- Born: 14 June 1973 (age 52) Vancouver, British Columbia, Canada
- Other names: Batman, Johnny J Jonathan
- Years active: 15 March 2005-present
- Known for: Comedy, video podcast
- Website: tikibartv.com

= Kevin Gamble (netcaster) =

Canadian netcaster (born 1973)

Kevin Gamble (born 14 June 1973) is a filmmaker, animation producer, and co-creator/co-star of the internet podcast Tiki Bar TV, in which he plays the role of Johnny Johnny the bartender.

On October 14, 2005, during the Macworld 2005 Keynote presentation (which introduced the new iPod with Video) Steve Jobs showcased Tiki Bar TV to the audience as an example of a "Video Podcast" (which, at that point in time, was a relatively new media format) as something that could be loaded onto the new video iPod using Apple's proprietary iTunes software for no charge.
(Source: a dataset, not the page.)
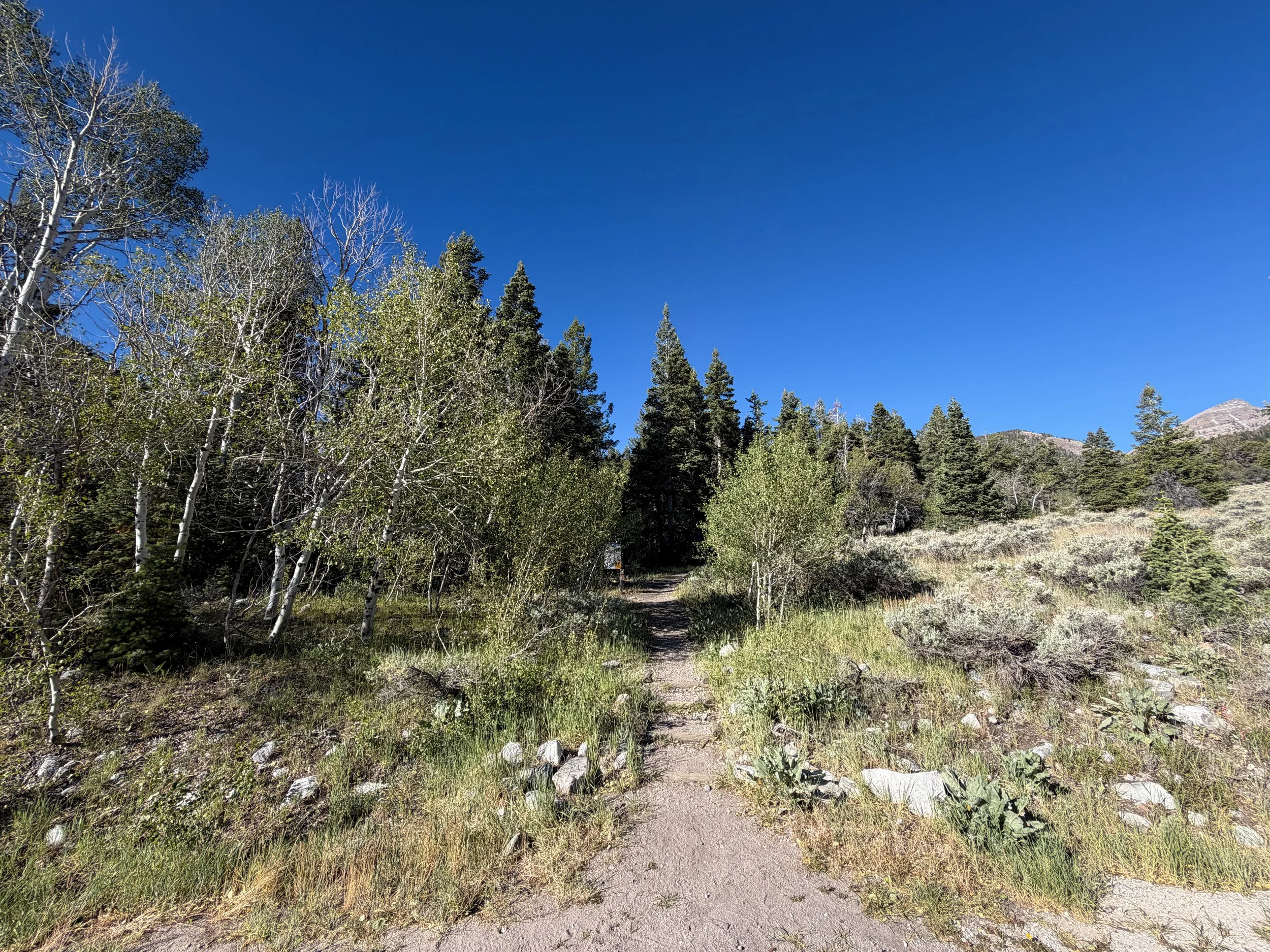 Baker Lake Trailhead Great Basin National Park Nevada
The next day, Tiki Bar TV moved to the #1 slot in the iTunes Podcast charts, and as such Tiki Bar TV was one of the first user-generated programs to gain worldwide popularity via the iTunes distribution model.
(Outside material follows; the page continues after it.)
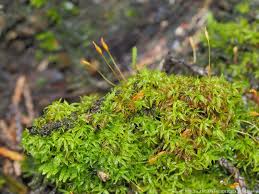 Attēlu rezultāti vaicājumam “Tortella tortuosa”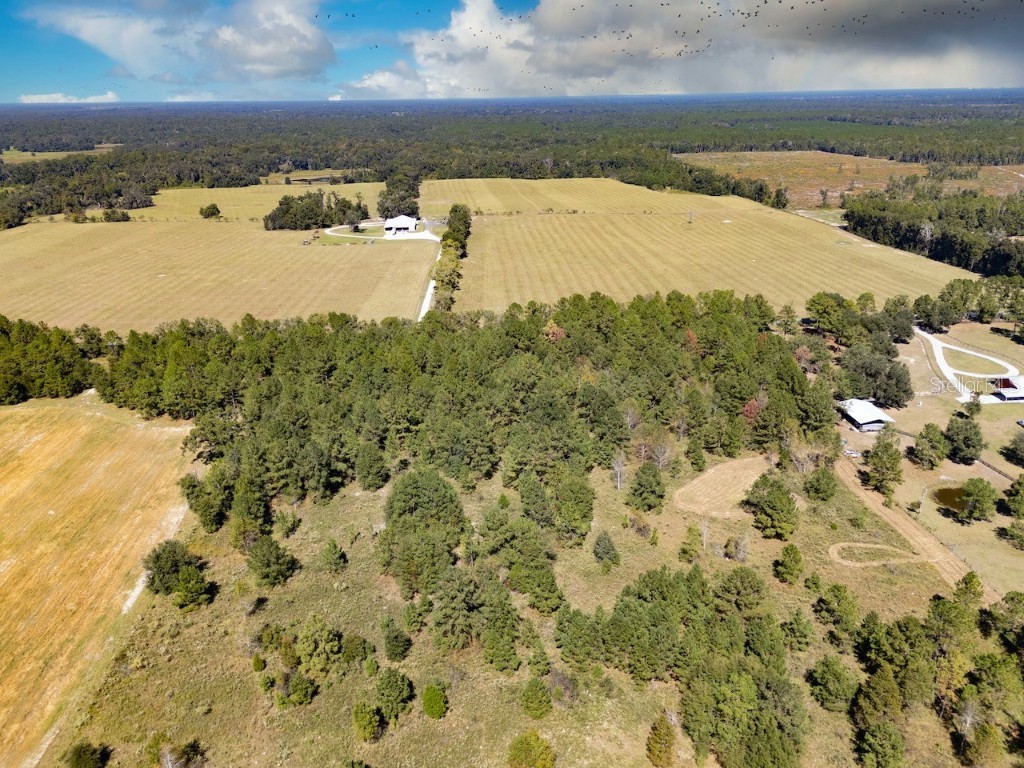 000 NE 75 Street Williston FL 32696 OM711759 image10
Additionally, the still from Tiki Bar TV (specifically, Gamble's image) appeared on the front webpage of Apple.com, and was composited inside of a video iPod). For approximately one month, Gamble's image remained on the Apple homepage next to pictures of iPods featuring U2's Bono, ABC's Lost and a picture of an audio book of Harry Potter.

Gamble's press mentions & appearances include Wired Magazine, The National Post, Tilzy, Epic-Fu and Tubefilter. Television mentions & appearances include CBC, CTV, G4 Tech TV (Canada) and CBS News and NBC News (United States).
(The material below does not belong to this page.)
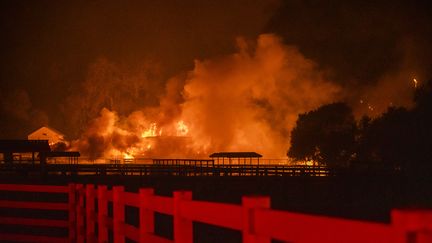 Windsor, en Californie, en flammes, le 27 octobre 2019. (PHILIP PACHECO / AFP)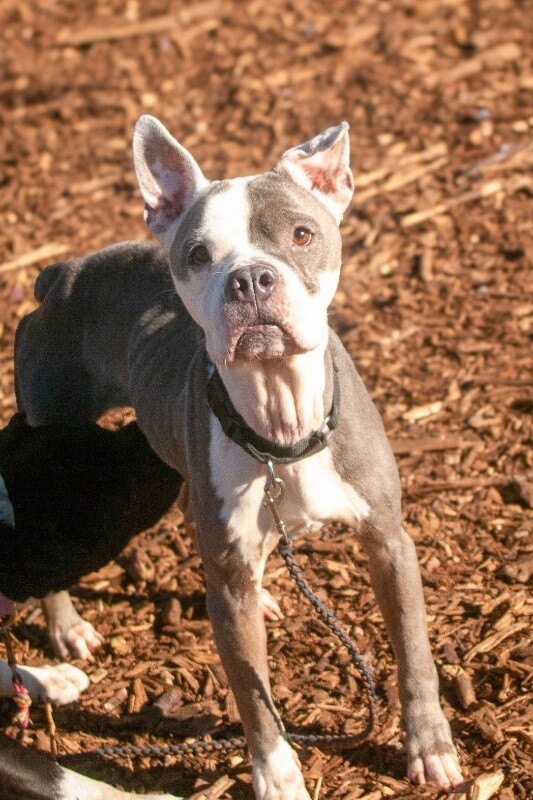 View Promise the Dog Photo #13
In addition to his work in the new media & podcasting space, Gamble actively works in the children's television & animation arena. He has been the Producer of several Television Series and TV Specials including "Max Steel", "The Scary Godmother Halloween Spooktakular", "George of the Jungle" and "Casper's Scare School". His DVD animated feature credits as Producer include "Kung Fu Magoo" and several of the popular "Veggietales" series (including the most recent DVD in the "Minnesota Cuke" line, which parody the Indiana Jones movie franchise). In November 2009, he was named VP of Development for Disney Television Animation.

On January 27, 2008, Gamble saved a woman who had fallen on the track of a New York City Subway station by lifting her back onto the platform and performing first aid.

He currently resides in Vancouver, British Columbia.